*** Opening of INFORMATION GIVEN ***

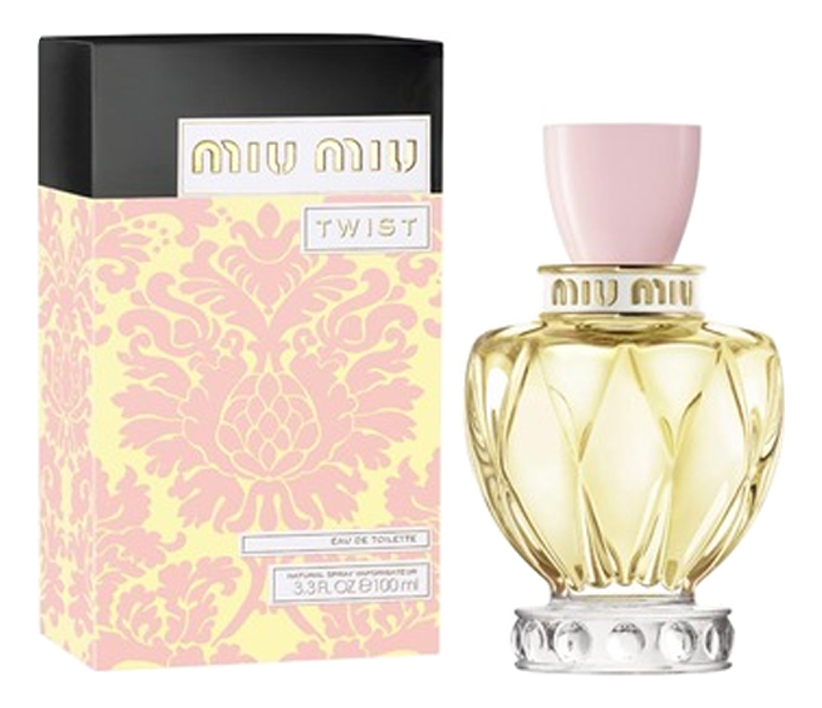Miu Miu Twist Eau de Toilette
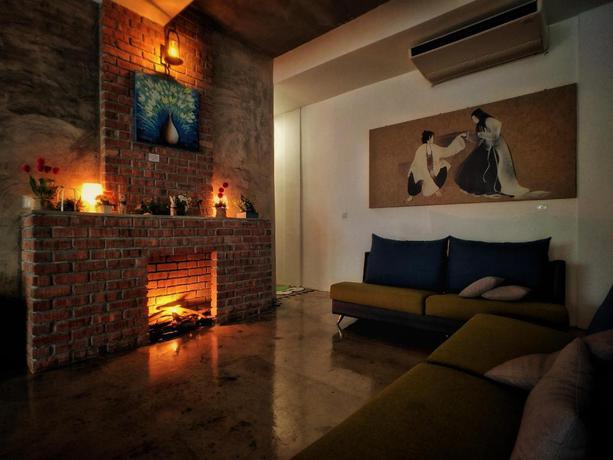 Imagen de los interiores del Hostel Beds In Garden. Foto 8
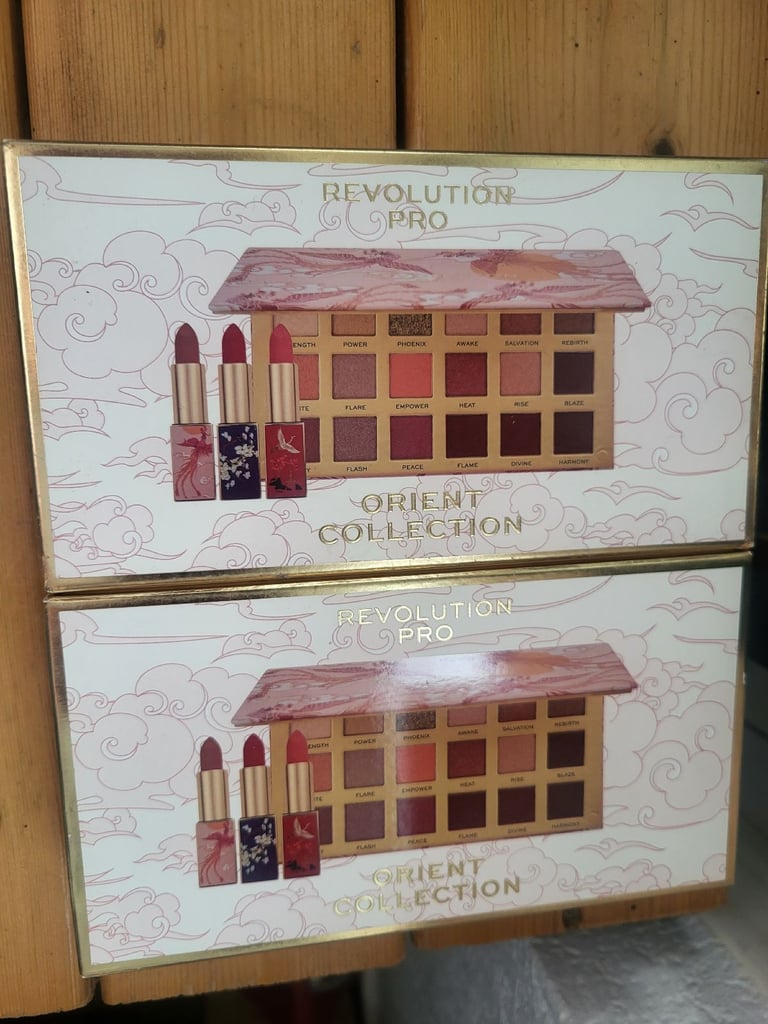 image for Revolution make up
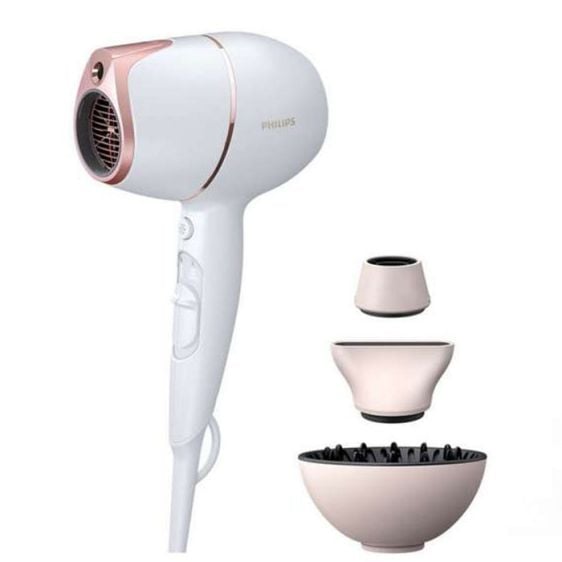Hair dryer PHILIPS SenseIQ BHD628/00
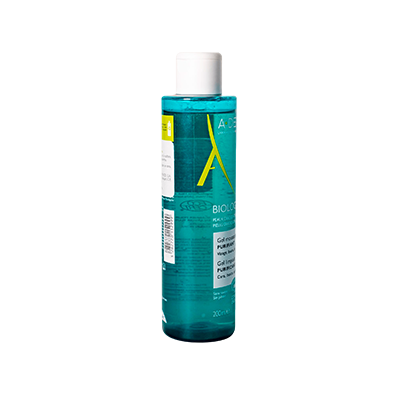 A-DERMA Biology AC Gel Limpiador Purificante Pieles con tendencia acnéica 200ml - Image 3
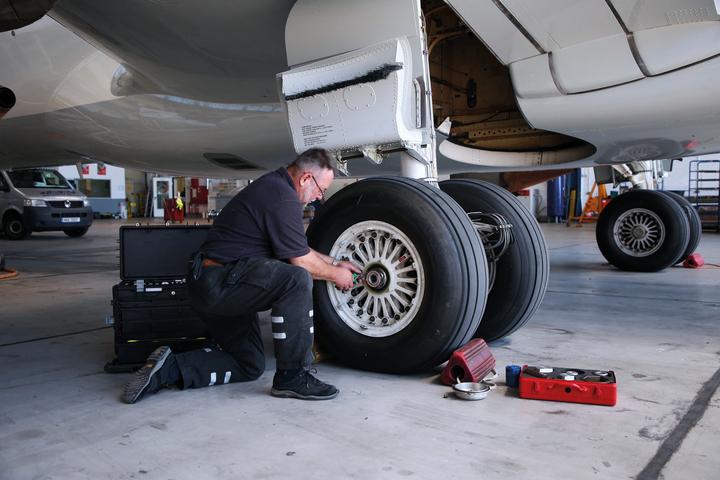 Productafbeelding Stahlwille Gereedschapswagen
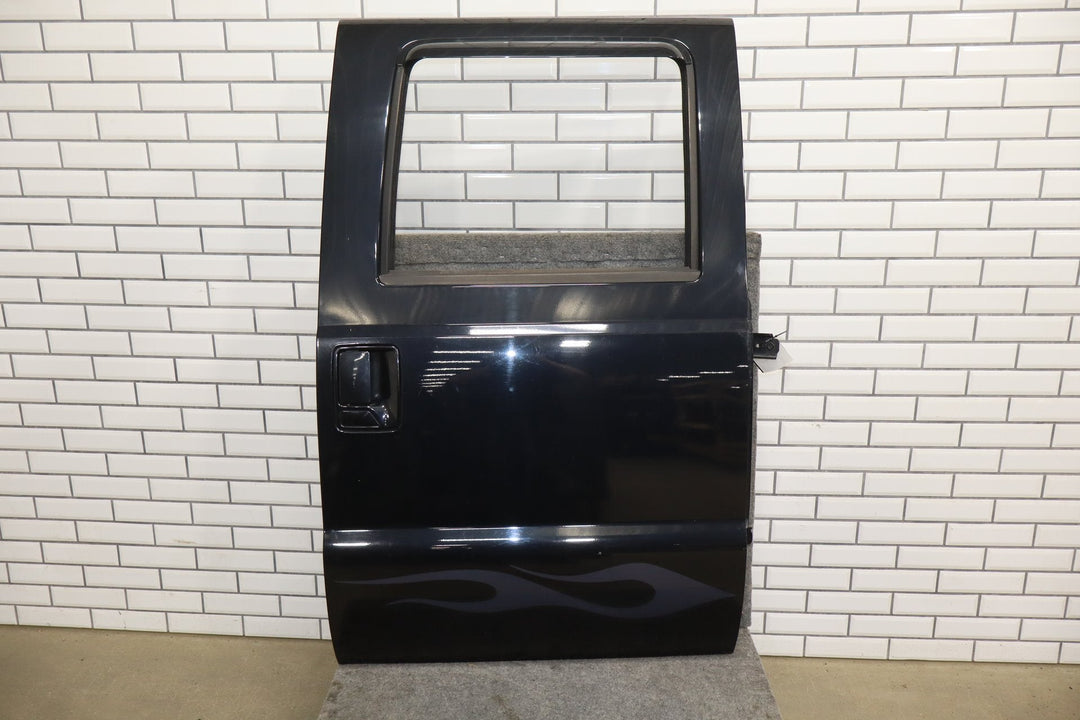 1999 - 2007 Ford F - 250 Super Duty Right Rear Door ( UD ) 9C3Z2624630B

*** Close of INFORMATION GIVEN ***

- _GOAL OF THE EXERCISE_
Copy the listing exactly but drop its images.

- _RESPONSE_
Miu Miu Twist Eau de Toilette
 Imagen de los interiores del Hostel Beds In Garden. Foto 8
 image for Revolution make up
Hair dryer PHILIPS SenseIQ BHD628/00
 A-DERMA Biology AC Gel Limpiador Purificante Pieles con tendencia acnéica 200ml - Image 3
 Productafbeelding Stahlwille Gereedschapswagen
 1999 - 2007 Ford F - 250 Super Duty Right Rear Door ( UD ) 9C3Z2624630B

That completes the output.